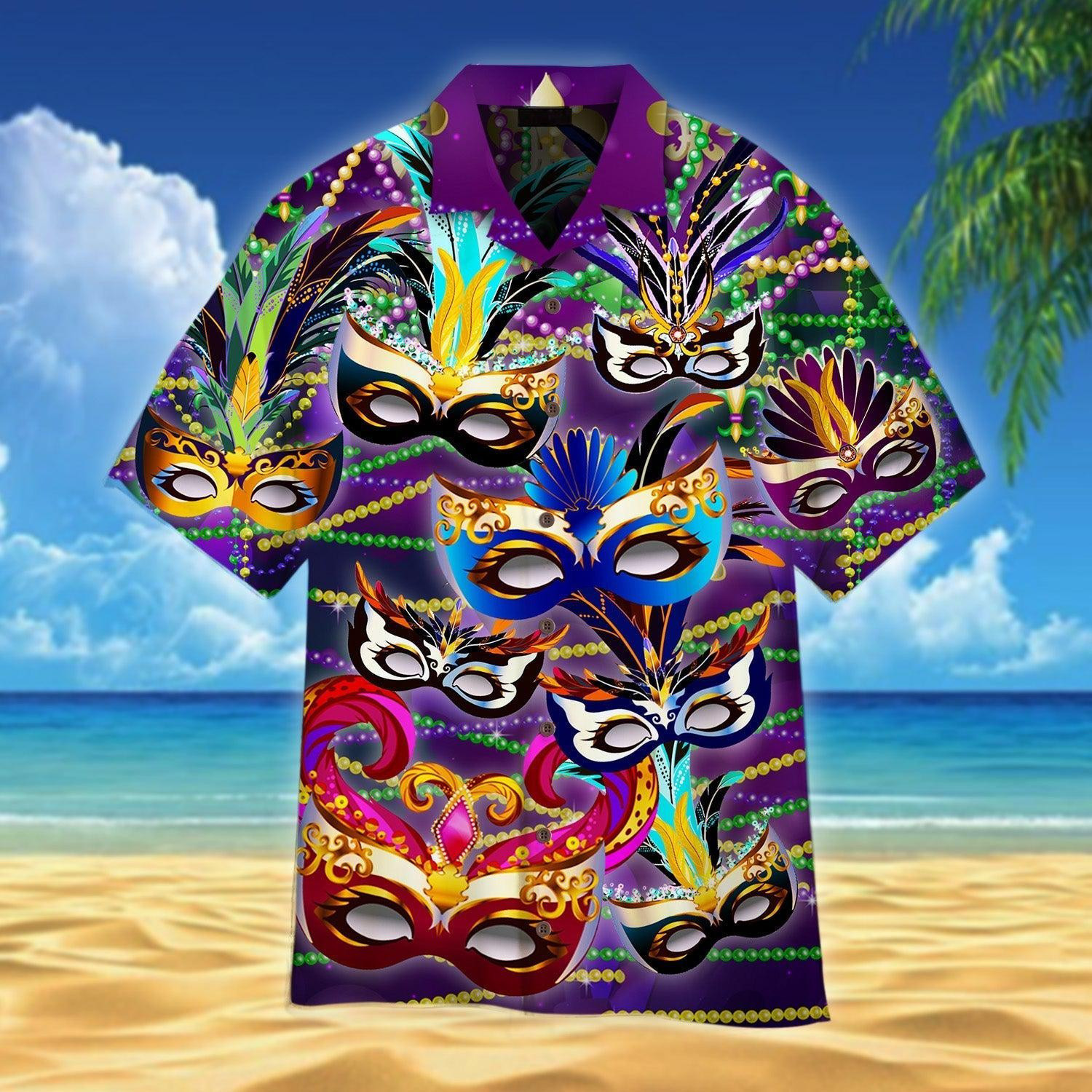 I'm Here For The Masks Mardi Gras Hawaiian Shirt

==

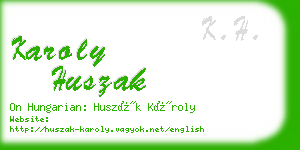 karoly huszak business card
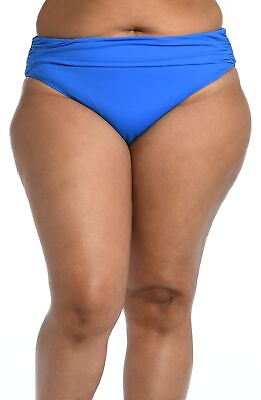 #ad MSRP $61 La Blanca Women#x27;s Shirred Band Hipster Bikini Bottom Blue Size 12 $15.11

## Task instructions
Now transcribe the lines above exactly, starting at the line containing "karoly huszak business card" and ending at the line containing "#ad MSRP $61", both lines included, pictures excluded.

## Result
 karoly huszak business card
 #ad MSRP $61 La Blanca Women#x27;s Shirred Band Hipster Bikini Bottom Blue Size 12 $15.11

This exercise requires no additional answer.